# hi!



## Monica N. (Feb 14, 2005)

Hi! Im new here Im a girl from Norway(Kristiansand) here i live with my cats, guinea pigs, dog and rabbits!  
My english isn`t very good yet  :lol: nice forum


----------



## kitkat (Sep 22, 2003)

Welcome to the forum Monica


----------



## Jeanie (Jun 18, 2003)

Monica, how nice to have you join us! You might be our first Norwegian member. (?) We have members from many countries, however. A special hello! Your English seems to be fine. 

edit/sp


----------



## Monica N. (Feb 14, 2005)

thank you Kitkat and Jeanie


----------



## Mitts & Tess (Sep 4, 2004)

Welcome to Cat Forum Monica. Your english seems fine.
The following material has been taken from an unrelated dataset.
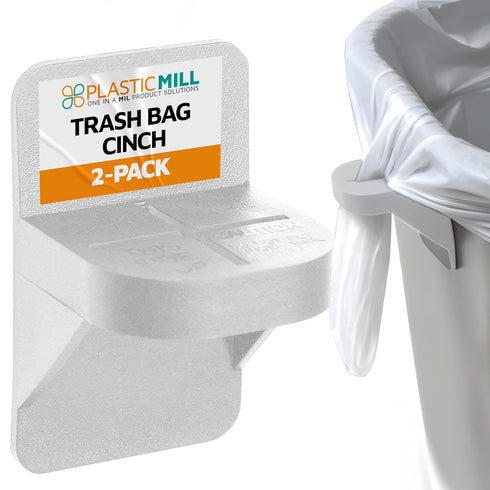PlasticMill Trash Bags Cinch, White, 2 Pack, Holds Garbage Bags in Place, 3 Inches High, 2 Inches Out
I know you will enjoy it here.


----------



## DesnBaby (Apr 18, 2004)

Welcome to the forum  . We have another member who's from Oslo here, my friend Mona :wink: .


----------



## jessamica8 (Aug 17, 2004)

Welcome to the forum!


----------



## CC1979 (Feb 5, 2005)

Meowwwwwwwwwww..

Welcome to CF...
Hope u enjoy here and stay tuned.........


----------



## Monica N. (Feb 14, 2005)

thank you!!


----------



## Ashdyre (Oct 4, 2004)

Welcome to the forum! I hope you have a good time here. And don't worry about your english, you type it just fine!


----------



## BaileyAndSammi (Oct 13, 2004)

welcome!!!!


----------